Could you repeat the entries below exactly, but only from the line with "Seductive Woman Wearing" through the line with "A&W fries are", and without any picture?

THE DATA:
--- START ---

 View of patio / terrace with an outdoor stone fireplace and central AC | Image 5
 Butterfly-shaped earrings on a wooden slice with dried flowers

--- END ---
--- START ---

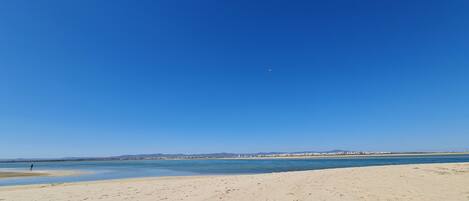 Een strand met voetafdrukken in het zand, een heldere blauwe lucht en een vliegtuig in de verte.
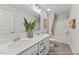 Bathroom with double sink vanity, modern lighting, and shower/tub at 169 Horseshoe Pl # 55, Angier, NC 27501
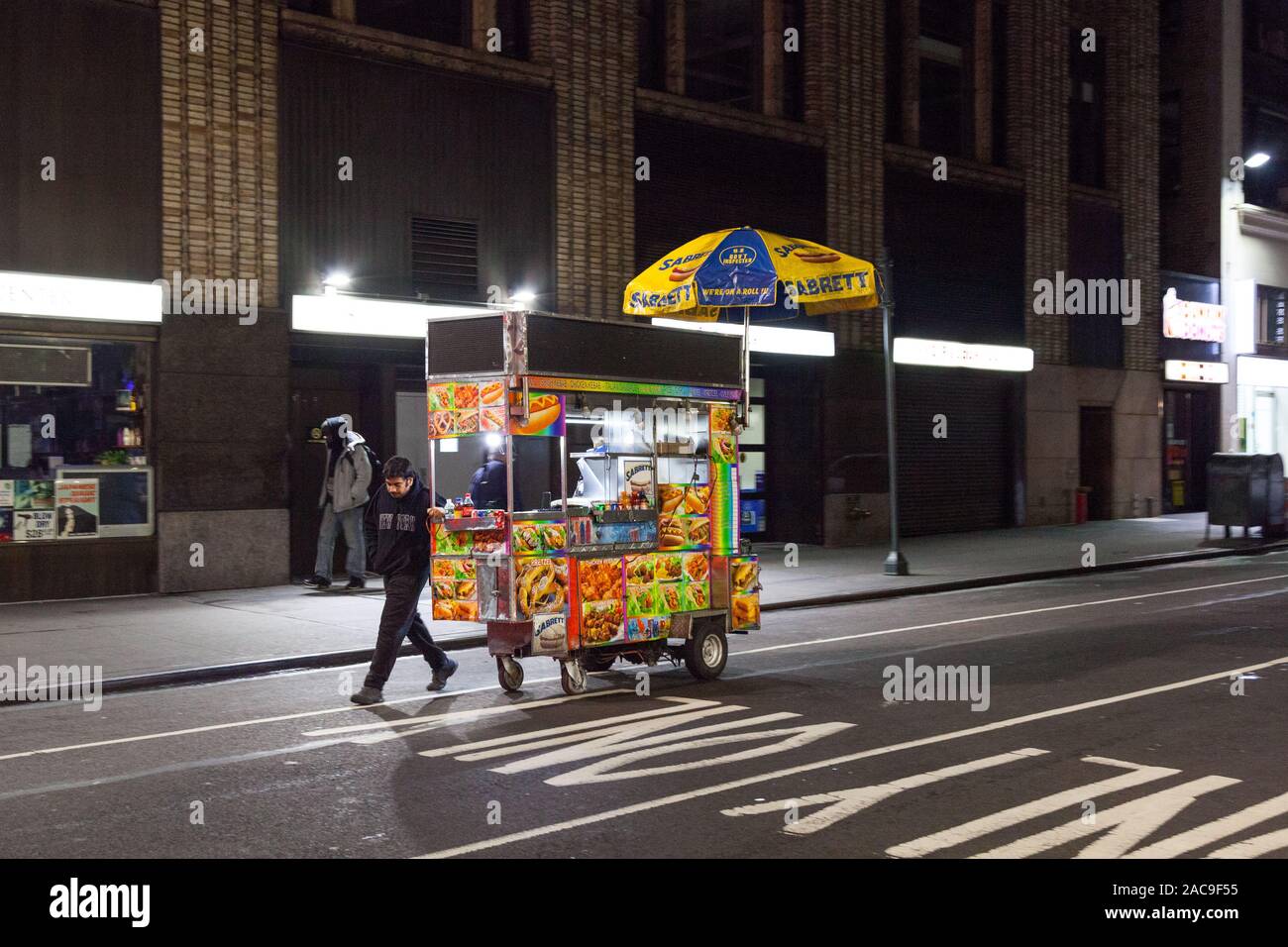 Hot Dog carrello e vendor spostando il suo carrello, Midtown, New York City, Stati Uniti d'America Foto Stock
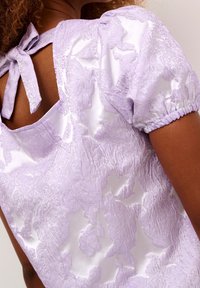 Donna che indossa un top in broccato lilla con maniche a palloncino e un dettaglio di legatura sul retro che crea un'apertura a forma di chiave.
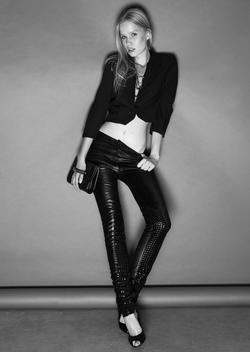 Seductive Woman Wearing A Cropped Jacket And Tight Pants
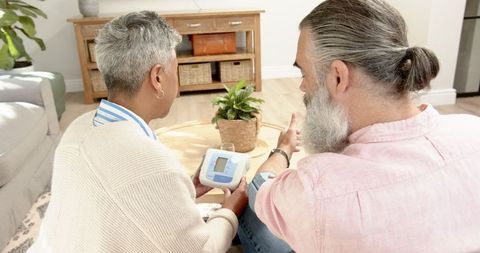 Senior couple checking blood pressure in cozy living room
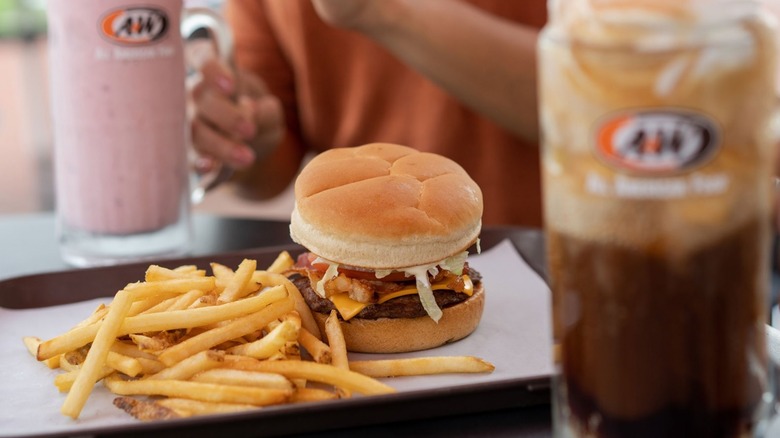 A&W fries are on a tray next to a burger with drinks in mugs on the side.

--- END ---

TASK OUTPUT:
 Seductive Woman Wearing A Cropped Jacket And Tight Pants
 Senior couple checking blood pressure in cozy living room
 A&W fries are on a tray next to a burger with drinks in mugs on the side.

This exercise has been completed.